Trott currently runs the GLCA Ancient Philosophy Research and Teaching Collaborative Initiative which brings students and faculty in the GLCA together to share their research and to improve pedagogical practices in ancient Greek philosophy. As an honorary member of the Malcolm X Institute for Black Studies at Wabash and the Chair of the Gender Issues Committee, Trott is happy to participate in and help foster conversations on campus about race and gender as they relate to cultivating inclusive community.
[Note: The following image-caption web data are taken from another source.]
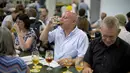Seorang pria menikmati minum bir selama The Great British Beer Festival di Kensington Olympia di London barat (6/8/2019). Great British Beer Festival tahunan ini diadakan 6-10 Agustus 2019. (AFP Photo/Tolga Akmen)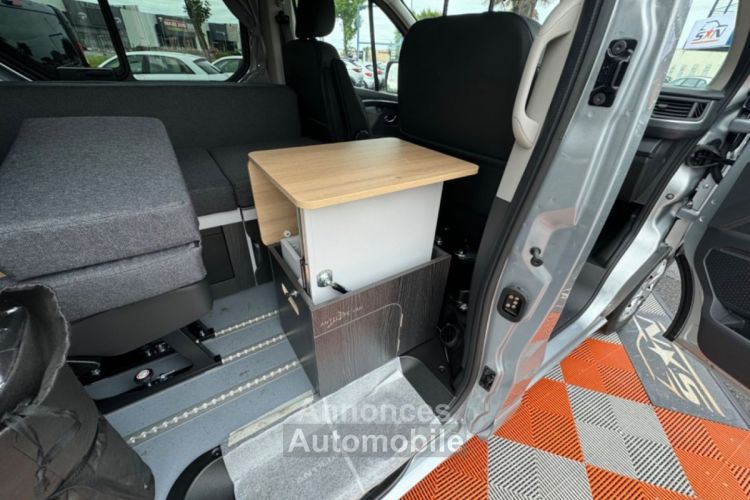 Renault Trafic FOURGON L1H1 2.0 dCi 130 BV6 ANTILOPE VAN FLEX PLUS - <small></small> 53.450 € <small>TTC</small> - #25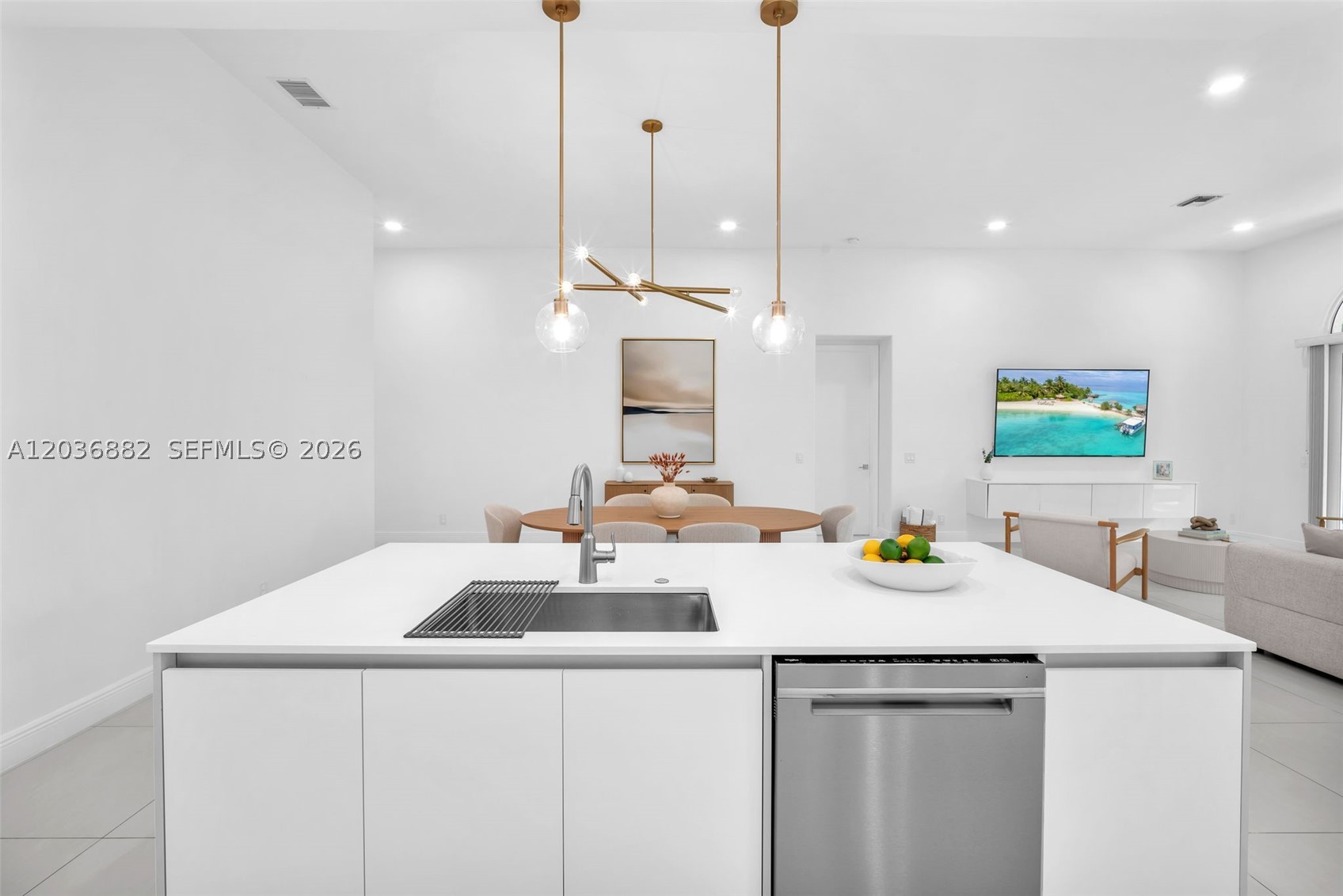 COUNTRY ISLES COVE - Residential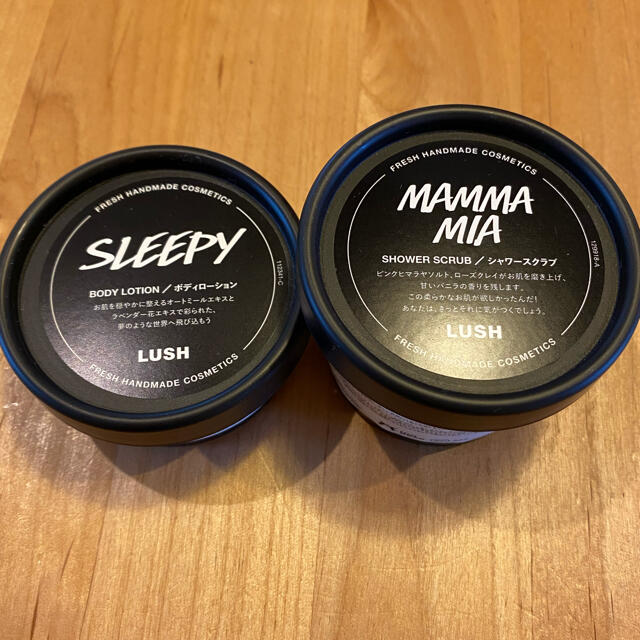 LUSH(ラッシュ)のLUSH シャワースクラブ ボディローション コスメ/美容のボディケア(ボディスクラブ)の商品写真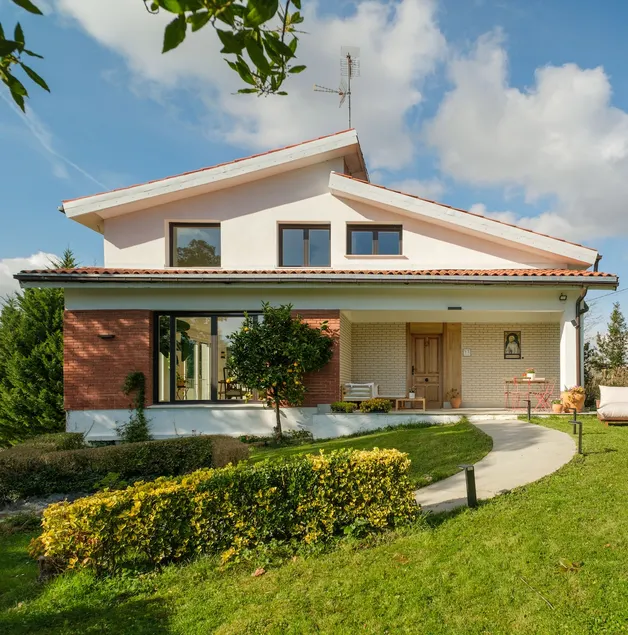 Areitio Etxea - house with private garden - Image 1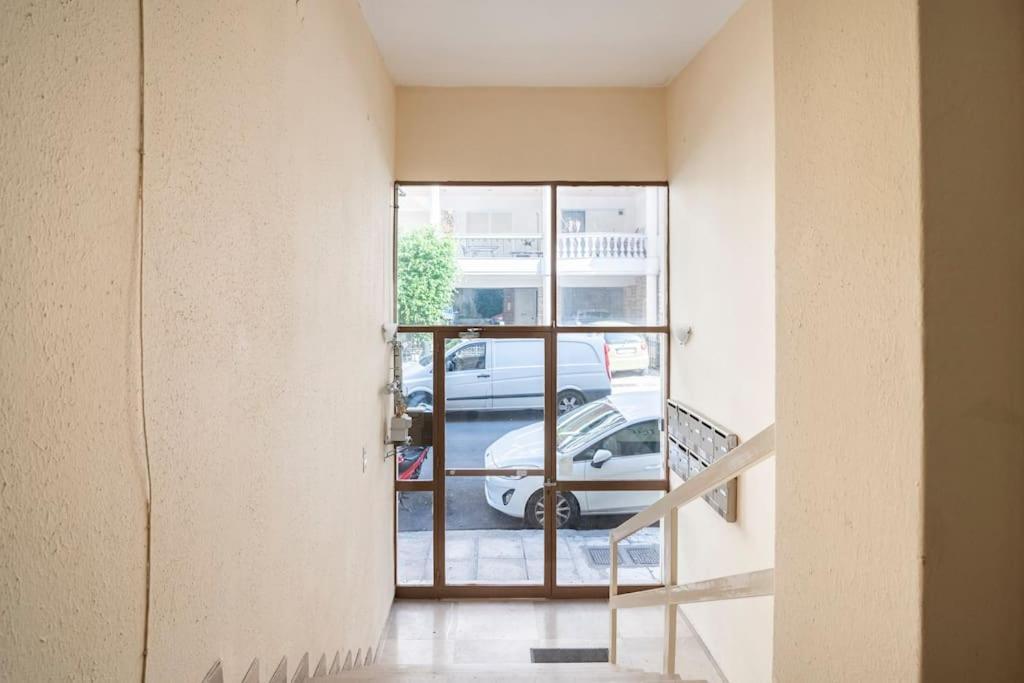 Top Floor Apartment At Petrolona With Big Balcony เอเธนส์ ภายนอก รูปภาพ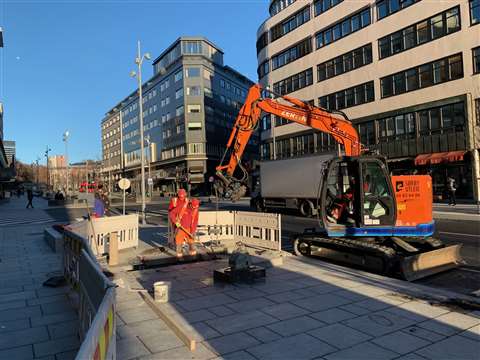 Los trabajadores dan los toques finales a un nuevo sitio de construcción de "emisiones cero" en el centro de Oslo, noviembre de 2020 Foto: Alister Doyle, Reuters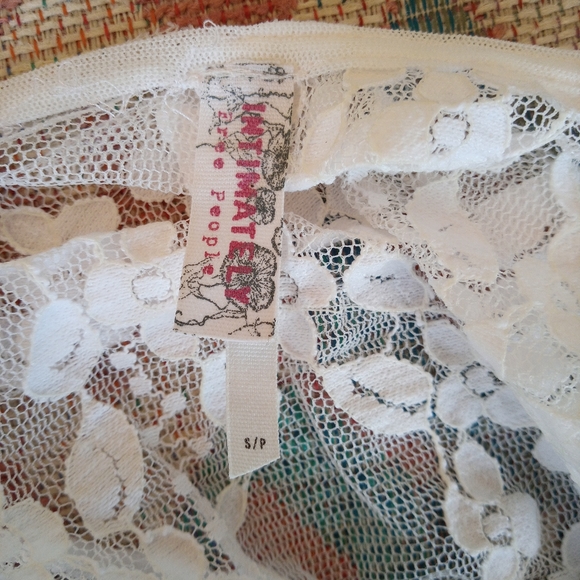 Intimately Free People white lace top size small - Picture 9 of 10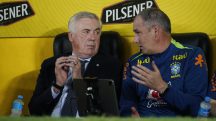 O técnico brasileiro Carlo Ancelotti e o assistente técnico Paul Clement, no Estádio Monumental Banco Pichincha, Guayaquil, Equador - 5/6/2025 | Foto: Santiago Arcos/Reuters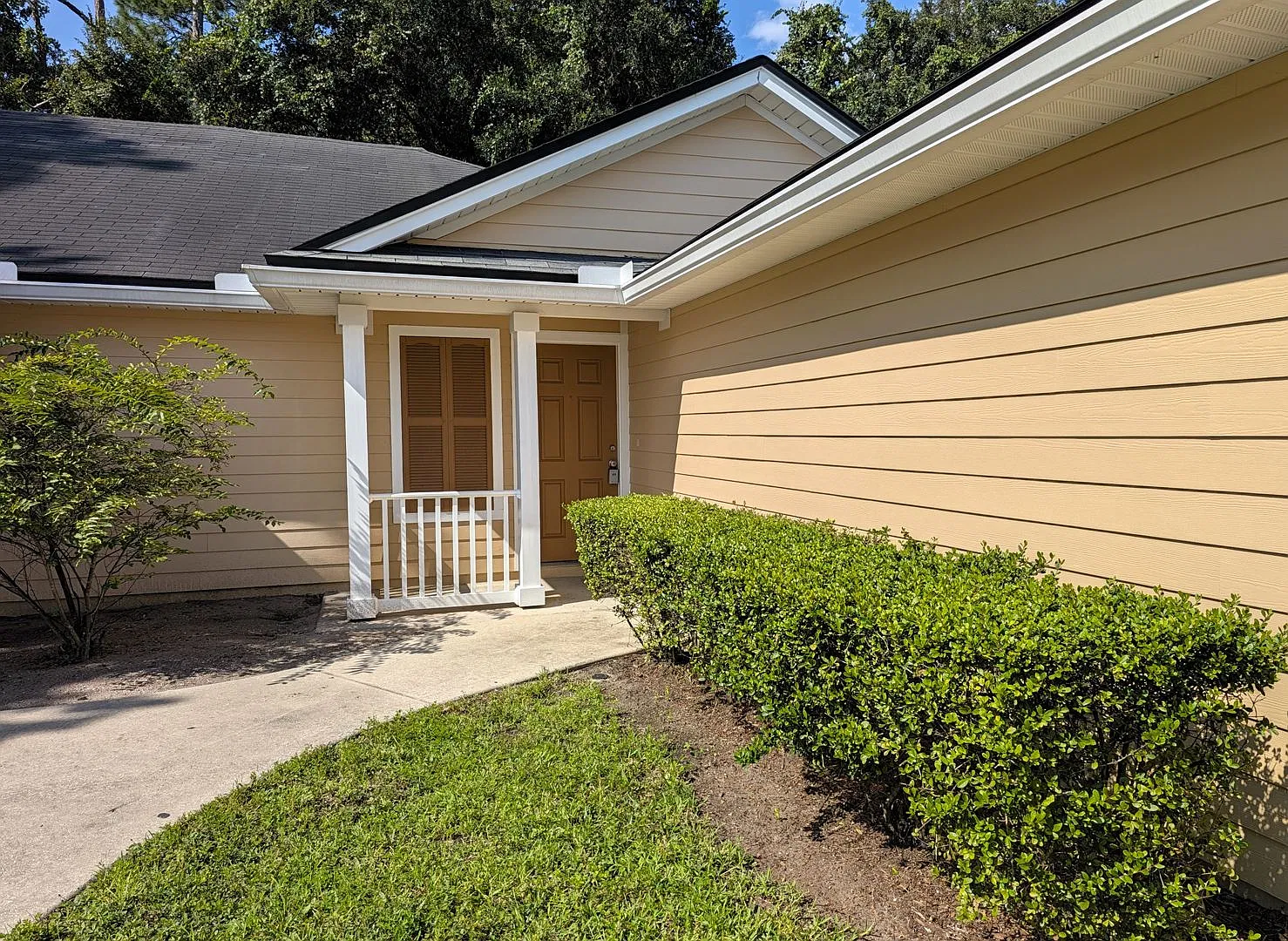 **Special For This 3/2 Duplex On 18 Month Lease** - Ready For Immediate Move-In. — Photo 3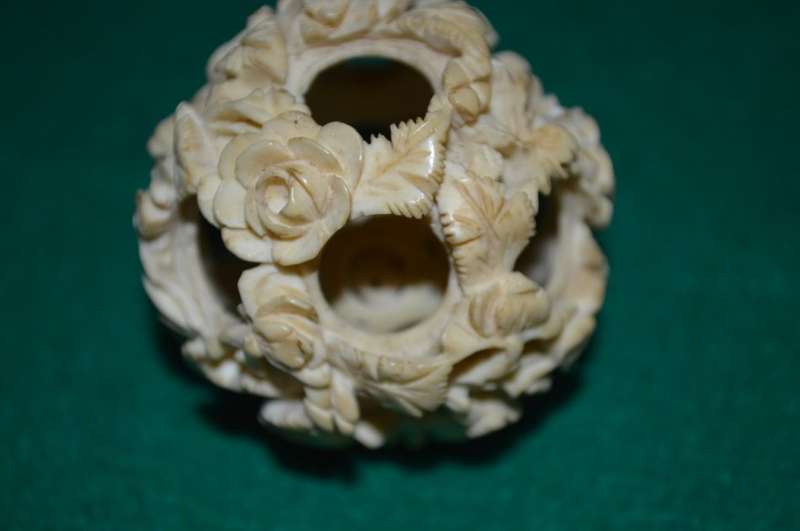 Early 20th century chinses puzzle ball min of 5 balls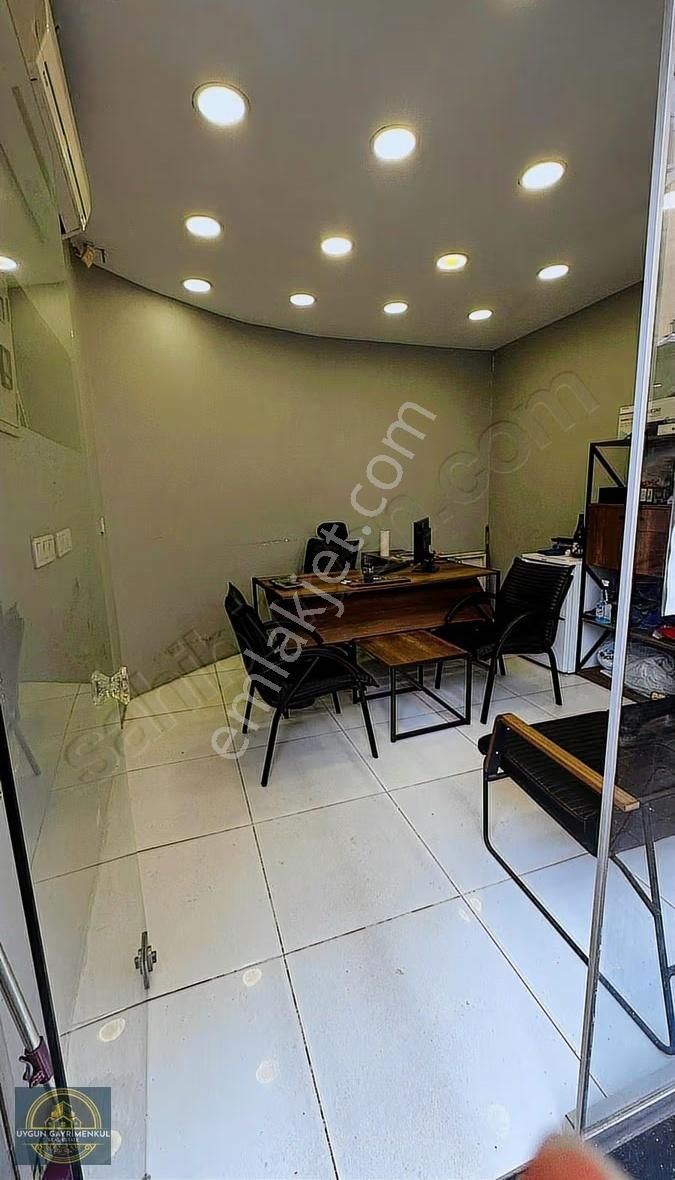 Türkeli Caddesinde Satılık 2 Katlı Düz Ayak Kupon Köşe İşyeri - Görsel 3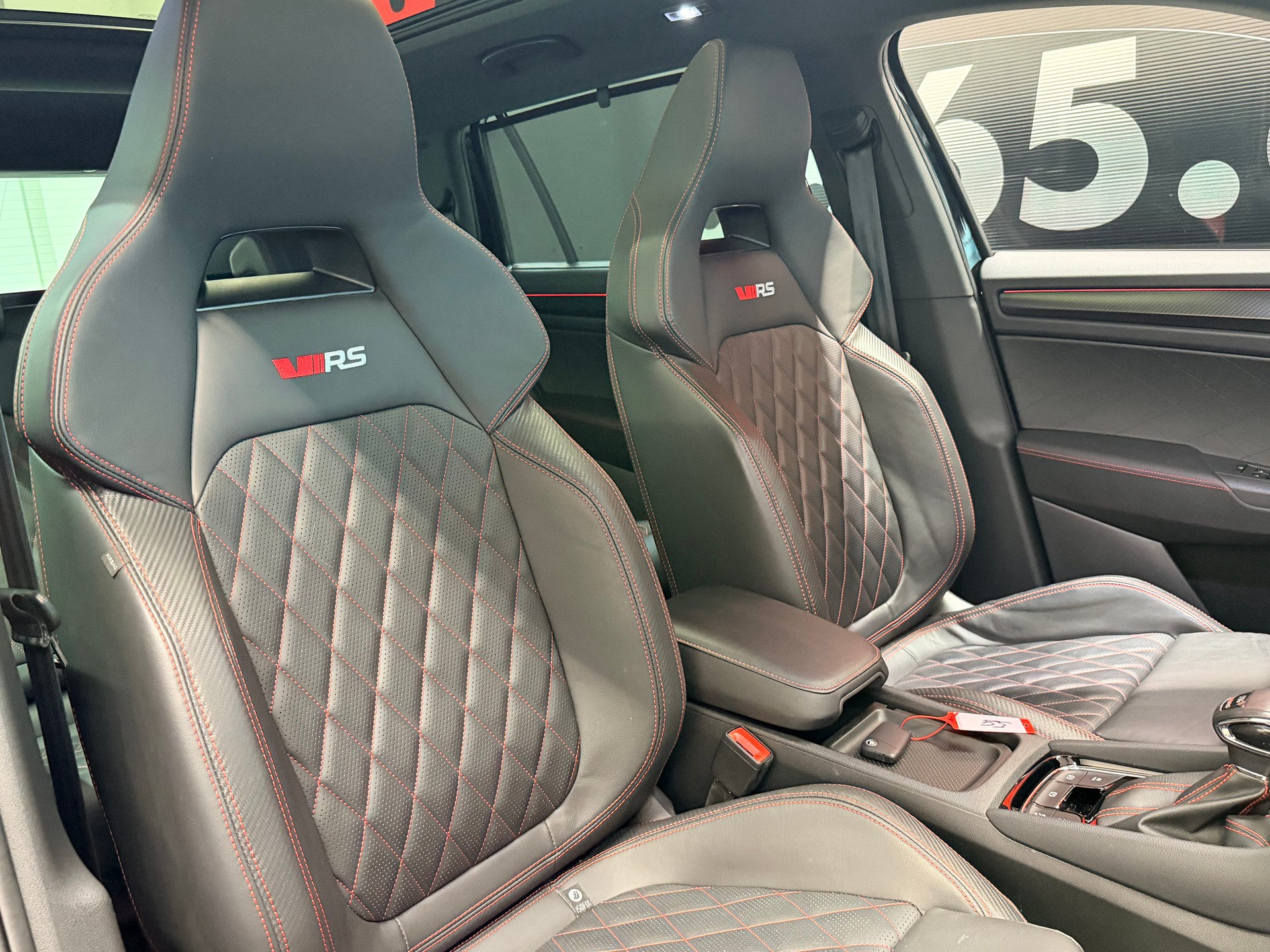 SKODA Kodiaq 2.0 TSI 4x4 RS-image-22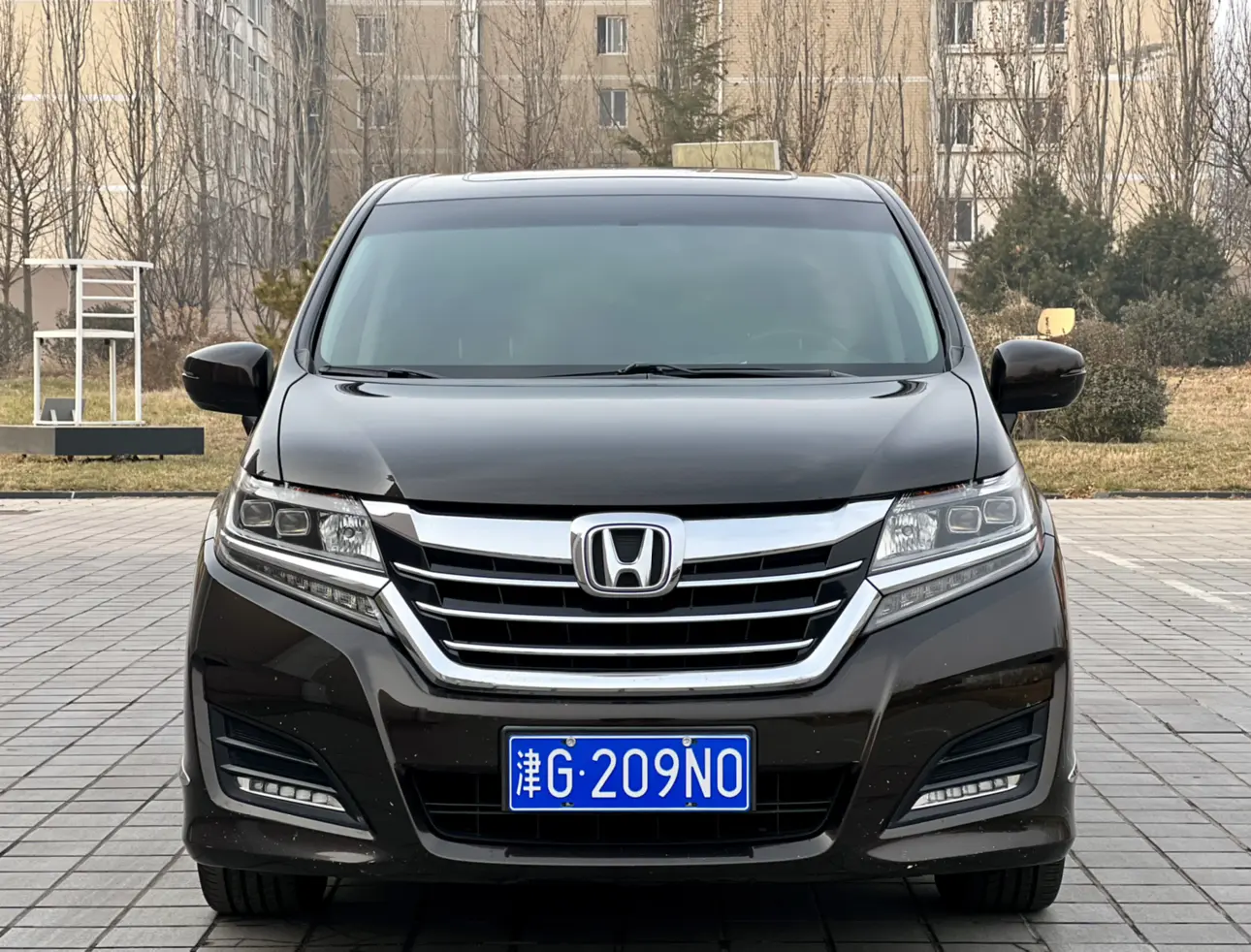 Honda Elysion (Alison)  из Китая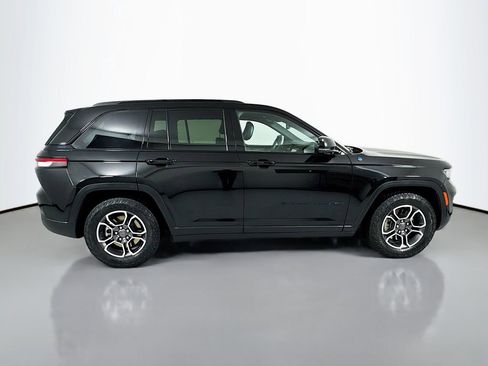 Used 2022 Jeep Grand Cherokee Trailhawk w/ Advanced Protech Group II AWD/4WD image 7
A member of Wabash’s Classics Department since 2013, Dr. Wickkiser joined the faculty after serving as an assistant professor in the Department of Classics at Gustavus Adolphus College (2003-07) and in the Department of Classical Studies at Vanderbilt University (2007-13). She earned her B.A. in Latin Language and Literature with High Honors from Oberlin College in 1991, and her master’s (Latin) and Ph.D. (Classics) from the University of Texas in 1996 and 2003, respectively. A member of Phi Beta Kappa, Wickkiser served as an on-site professor in Athens during the spring and fall terms in 2002.
“I am delighted and fully aware that I am standing on the shoulders of Classics giants like Jack Charles, Ted Bedrick, John Fischer, and Joe and Leslie Day," said Wickkiser. “In addition to terrific colleagues, it's the students who make Wabash a particularly rewarding place to work. It's exciting to consider where Wabash is heading, and to be part of a process that changes not only the lives of our students but also those of us fortunate enough to work with them.”
A specialist in ancient Greek history and culture, especially the intersection between religion and medicine, Wickkiser has published a book on the healing god Asclepius and co-edited a volume on Greek cult practice. Dr. Wickkiser’s interests within Classics range widely, from sacred spaces, to the poetry and art of Augustan Rome, to Classical reception. Her current book project examines performance, architecture, and acoustics in Greek sanctuaries as they relate to music therapy.
“Bronwen is able to bring the ancient world to life for our students and she is particularly effective at helping our students see the intersections between the ancient and modern worlds,” said Feller. “Students and colleagues see her as an innovator, one who takes the class out into the community, for example by having her tutorial students participate in rowing to more fully understand a text, and who brings the community into her teaching as she did when she invited local military veterans to a class reading of a play describing the effects of war on young men.”
A passionate proponent of study abroad, Wickkiser enjoys taking students to Greece and Italy. She also enjoys exploring with Wabash students the culture of neoclassicism here in Crawfordsville, from the Lew Wallace Study to war memorials and burial monuments. Currently, she teaches courses on Greek and Latin language and literature, and on the history and culture of Greece.